_AIM OF THE EXERCISE_
Take the lines below between the one holding "Hotel Grybas House Vilna Habitación foto" and the one holding "DVD-BOXセット売り｜未開封｜ひみつのアッコちゃん コンパクトボックス", inclusive, and copy them exactly. Add nothing.

_RECORDED DATA_
——

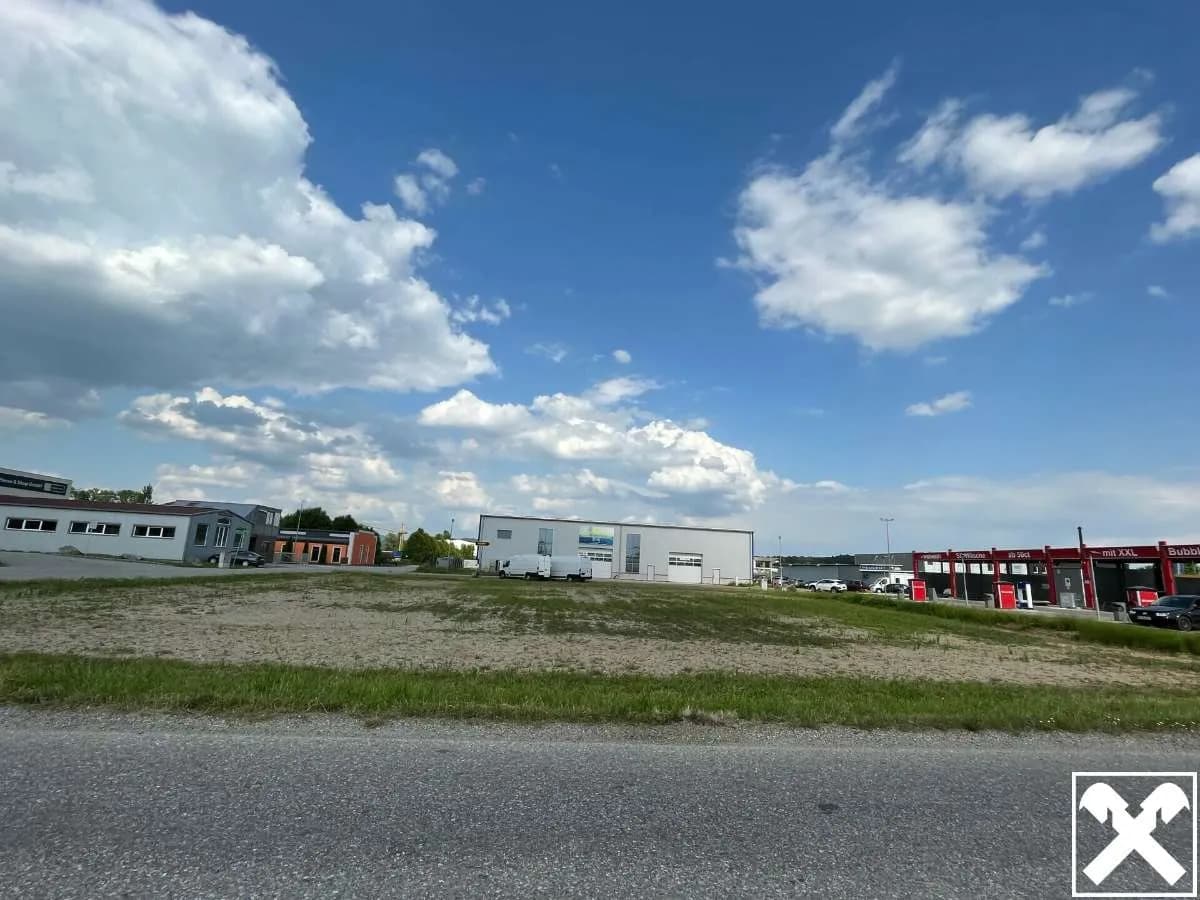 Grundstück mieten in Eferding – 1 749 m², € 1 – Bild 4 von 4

——

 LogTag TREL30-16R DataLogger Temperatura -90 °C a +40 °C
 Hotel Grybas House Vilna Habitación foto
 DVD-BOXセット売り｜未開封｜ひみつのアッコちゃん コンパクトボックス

——

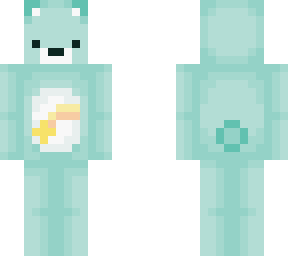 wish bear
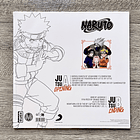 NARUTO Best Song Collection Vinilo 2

——

_OUTPUT OF THE TASK_
 Hotel Grybas House Vilna Habitación foto
 DVD-BOXセット売り｜未開封｜ひみつのアッコちゃん コンパクトボックス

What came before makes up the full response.